### GIVEN INFORMATION

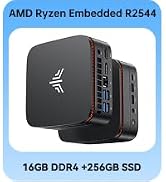aplus content image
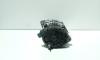 Alternator 100A, cod 8980311541, Opel Astra J Combi, 1.7 CDTI, A17DTR (idi:660319)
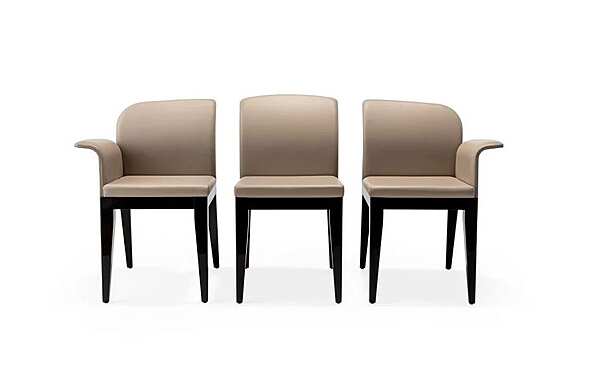 Кресло REFLEX Sit 1 фабрика REFLEX из Италии. Фото №2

### WORK ORDER
Without copying any picture, write out all of the material exactly as it reads.

### FINISHED TASK
aplus content image
 Alternator 100A, cod 8980311541, Opel Astra J Combi, 1.7 CDTI, A17DTR (idi:660319)
 Кресло REFLEX Sit 1 фабрика REFLEX из Италии. Фото №2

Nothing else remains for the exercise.